When weight training, some experts suggest using high weight with fewer repetitions in order to build strength. Then, use yoga to tone your muscles and increase your endurance. A good combination is iron weights, kettlebells, and moves that use your body as resistance.

Strengthening the Core

You know how many postures require a firm center of power, such as Plank Pose, Side Plank, Tree Pose, Eagle Pose, and Bridge Pose. Here are some suggestions to help improve your core.
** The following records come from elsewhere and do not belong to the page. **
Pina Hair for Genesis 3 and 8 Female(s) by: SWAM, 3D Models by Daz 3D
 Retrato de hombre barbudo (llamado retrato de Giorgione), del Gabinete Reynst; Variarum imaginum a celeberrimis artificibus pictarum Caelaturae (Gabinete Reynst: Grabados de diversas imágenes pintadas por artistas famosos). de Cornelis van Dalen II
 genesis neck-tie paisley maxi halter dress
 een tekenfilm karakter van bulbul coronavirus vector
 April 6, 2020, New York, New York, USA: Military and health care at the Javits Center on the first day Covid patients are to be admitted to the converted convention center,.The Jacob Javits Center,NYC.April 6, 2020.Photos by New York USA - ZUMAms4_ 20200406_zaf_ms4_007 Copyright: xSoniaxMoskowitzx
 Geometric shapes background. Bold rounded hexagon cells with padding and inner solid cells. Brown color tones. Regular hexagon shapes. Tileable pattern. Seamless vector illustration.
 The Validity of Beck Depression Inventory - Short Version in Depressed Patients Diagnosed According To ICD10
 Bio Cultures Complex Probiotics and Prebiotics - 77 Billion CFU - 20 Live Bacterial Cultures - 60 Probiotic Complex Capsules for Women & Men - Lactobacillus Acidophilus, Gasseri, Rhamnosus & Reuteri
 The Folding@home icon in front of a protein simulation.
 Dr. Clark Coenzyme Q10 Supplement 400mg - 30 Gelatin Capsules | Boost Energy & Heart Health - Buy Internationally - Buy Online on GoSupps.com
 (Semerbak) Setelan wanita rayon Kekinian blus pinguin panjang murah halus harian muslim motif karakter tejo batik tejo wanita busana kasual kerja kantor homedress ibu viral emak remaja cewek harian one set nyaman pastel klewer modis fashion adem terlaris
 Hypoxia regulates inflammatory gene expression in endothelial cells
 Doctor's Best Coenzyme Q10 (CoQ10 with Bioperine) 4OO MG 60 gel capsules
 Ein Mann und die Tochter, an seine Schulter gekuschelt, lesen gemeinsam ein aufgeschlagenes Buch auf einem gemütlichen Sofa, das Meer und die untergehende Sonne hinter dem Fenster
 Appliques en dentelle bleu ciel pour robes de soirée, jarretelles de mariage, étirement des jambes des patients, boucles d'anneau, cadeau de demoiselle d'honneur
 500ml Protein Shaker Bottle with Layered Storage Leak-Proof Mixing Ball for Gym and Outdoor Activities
  • Weights and kettlebells:
    • Russian Twists - Sit down and bend your knees to 90 degrees. Using a 10-15 lb. dumbbell, swing the weight from left to right, moving your shoulders but not your hips. Keep your arms low at your sides, elbows tucked. Do this for 30-45 seconds, rest 15 seconds, and repeat.
    • Kettlebell Swing - Spread your legs a little more than hip-distance apart. Using an 8 lb. kettlebell (or kilogram equivalent), hold the kettlebell in your right hand lightly as you swing it upward. Squat and bring the kettlebell between your legs. Repeat this motion, driving from your legs and using your core for stability. Do this for 15-30 seconds, then switch to the left hand for another 15-30 seconds. Rest for 30 seconds and repeat.
  • Body resistance:
    • Plank Pose - The best way to hold Plank longer is to practice it more often! If you're just starting out, hold Plank for 15 seconds, then drop to your knees and hold for 30 seconds. Rest in Child's Pose for 30 seconds and repeat the sequence.
    • Dolphin Pose - This uses the same principle as Plank, only you're supporting yourself on your forearms and not the entire length of the arm. Follow the same sequence as above.

    Building Leg Muscle

    With greater leg strength, you'll see better performance in poses such as the Warrior Series, Lord of the Dance, Eagle Pose, Tree Pose, and Wide-Legged Forward Bend.
  • Weights and kettlebells:
    • Kettlebell Side-Step - Spread your legs a little wider than hip-distance apart. Using 8 lb. kettlebell (or kilogram equivalent) in your right hand, start the Kettlebell Swing. On the next upswing, close the legs together, then quickly squat again as you move to the left and bring the kettlebell between your knees. Upswing, legs closed, left leg extends sideways into the squat, kettlebell swings between your knees. Repeat as far left as you can go, then switch the kettlebell to the left hand as the right leg opens and extends to take you back to start. Repeat for 30-60 seconds, rest for 30 seconds, and repeat both sides.
    • Dumbbell Lunges - Hold 5-15 lb. weights at your sides. Put the front of your right foot on the edge of a chair or bench, and drop your left leg into a lunge. Do this for 12-15 repetitions, switch legs and repeat. Rest for 30 seconds, and repeat both sides.
  • Body resistance:
    • Low Lunge - This yoga move will build leg strength. Starting in Plank Pose, extend your right leg forward, taking care that the knee doesn't come over the toe. Extend the left leg, foot flexed. Hold for 30 seconds. Return to Plank, then extend the left leg into Lunge, right leg back. Again, hold for 30 seconds. Rest in Child's Pose, and repeat the sequence.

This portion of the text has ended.